On self-adjointness of symmetric diffusion operators

Abstract

Let $$\Omega $$ be a domain in $$\mathbf{R}^d$$ with boundary $$\Gamma $$ and let $$d_\Gamma $$ denote the Euclidean distance to $$\Gamma $$ . Further let $$H=-\,\mathrm{div}(C\nabla )$$ where $$C=(\,c_{kl}\,)>0$$ with $$c_{kl}=c_{lk}$$ real, bounded, Lipschitz continuous functions and $$D(H)=C_c^\infty (\Omega )$$ . The matrix $$Cd_\Gamma ^{\,-\delta }$$ is assumed to converge uniformly to a diagonal matrix $$a\,I$$ as $$d_\Gamma \rightarrow 0$$ . Thus $$\delta \ge 0$$ measures the order of degeneracy of the operator and a, a positive Lipschitz function, gives the boundary profile of the operator. In addition we place a mild restriction on the order of degeneracy of the derivatives of the coefficients at the boundary. Then we derive sufficient conditions for H to be essentially self-adjoint as an operator on $$L_2(\Omega )$$ in three general cases.

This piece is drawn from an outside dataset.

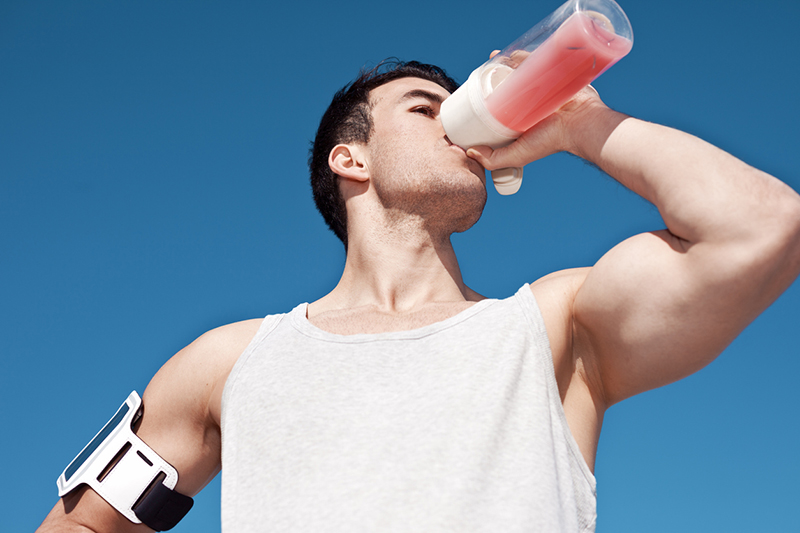 Young and strong athlete drinking protein cocktail on blue sky background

Specifically, if $$\Omega $$ is a $$C^2$$ -domain, or if $$\Omega =\mathbf{R}^d\backslash S$$ where S is a countable set of positively separated points, or if $$\Omega =\mathbf{R}^d\backslash \overline{\Pi }$$ with $$\Pi $$ a convex set whose boundary has Hausdorff dimension $$d_H\in \{1,\ldots , d-1\}$$ then the condition $$\delta >2-(d-d_H)/2$$ is sufficient for essential self-adjointness. In particular $$\delta >3/2$$ suffices for $$C^2$$ -domains. Finally we prove that $$\delta \ge 3/2$$ is necessary in the $$C^2$$ -case.